# HT and Projector setup



## marlin1881 (Feb 15, 2013)

My first HT and Projector project is going well. Some questions:

From what I've been reading so far, supposedly the bottom of the screen should be 3' off the floor. No problem. With a 13' distance from my projector, this gives me 96" wide picture, 54" tall, +/- 5" for zoom variation. And, it seems that the overall picture size varies a bit from the projector's true capability (blue screen), the size of a BD preview/menu, and then of course the 16:9 theater picture.

I'm going to check on the display size of the PC connection (16:10), and the comcast connection (not sure what the broadcast 1080i looks like). Somewhere, I'll need to decide on a happy medium of what will/will-not fit the screen and black border, exactly.

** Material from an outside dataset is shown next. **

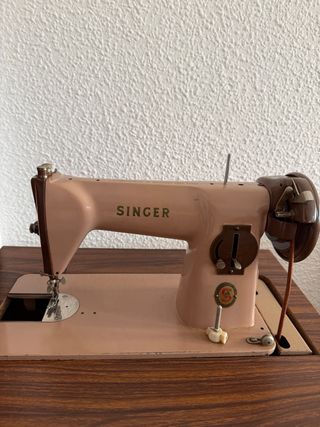 Máquina de coser Singer rosa y madera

So, my question is around what size of screen to get, and how much black border do I want around the screen to possibly "absorb" a bit of an oversized picture? I think I need to fit to the largest screen that will be displayed by this project, and then everything else will just have black borders on top-bottom/side as appropriate?

Thanks in advance.


----------



## phillihp23 (Mar 14, 2012)

Your probably looking at a 100" - 110" screen, depending on your projectors ability at 13 feet.
My projector is at about 13 ft and I use a 100" screen. I believe my screen has a 3-4 inch black felt border.


----------



## marlin1881 (Feb 15, 2013)

Well, the framers left me alone for the weekend, so I setup my entire theater to see what I was really getting into. Fun stuff, except I had to tear it down again last night, as the framers were coming back again, this morning.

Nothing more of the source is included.